Range to repeat from the listing below: the line containing "Su divertenti camini finali" down to the line containing "Alarko Psrm 454", both included. Copy it exactly, pictures excluded, and add nothing else.

__MATERIAL SHOWN__:
▬▬▬
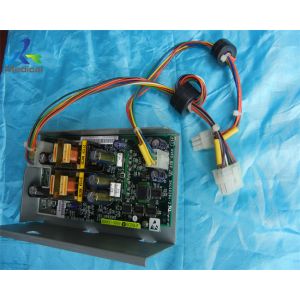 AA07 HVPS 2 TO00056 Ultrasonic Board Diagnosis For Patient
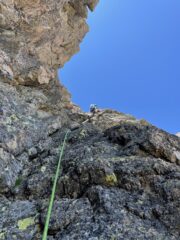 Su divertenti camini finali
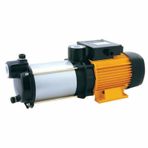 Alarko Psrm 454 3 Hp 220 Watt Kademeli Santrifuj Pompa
▬▬▬
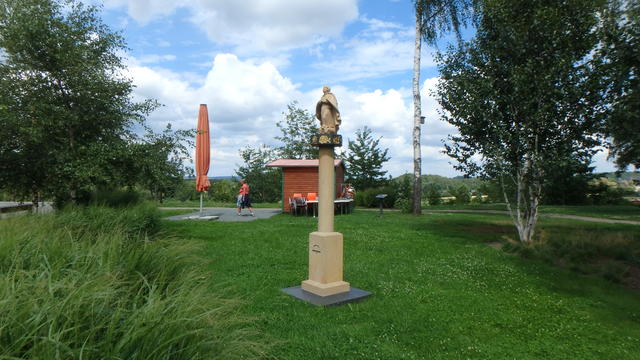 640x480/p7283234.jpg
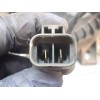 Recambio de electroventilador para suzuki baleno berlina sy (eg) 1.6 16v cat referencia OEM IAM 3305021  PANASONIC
▬▬▬
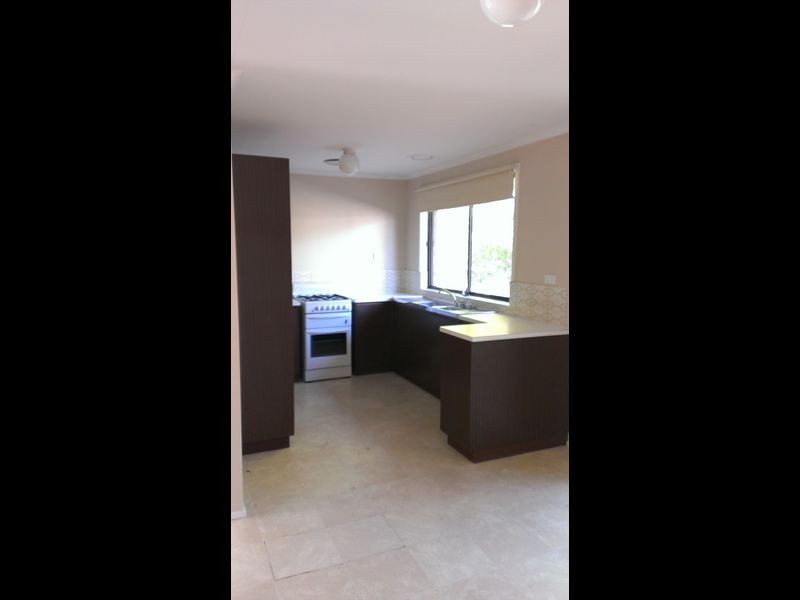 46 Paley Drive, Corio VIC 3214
▬▬▬
__RESULT__:
 Su divertenti camini finali
 Alarko Psrm 454 3 Hp 220 Watt Kademeli Santrifuj Pompa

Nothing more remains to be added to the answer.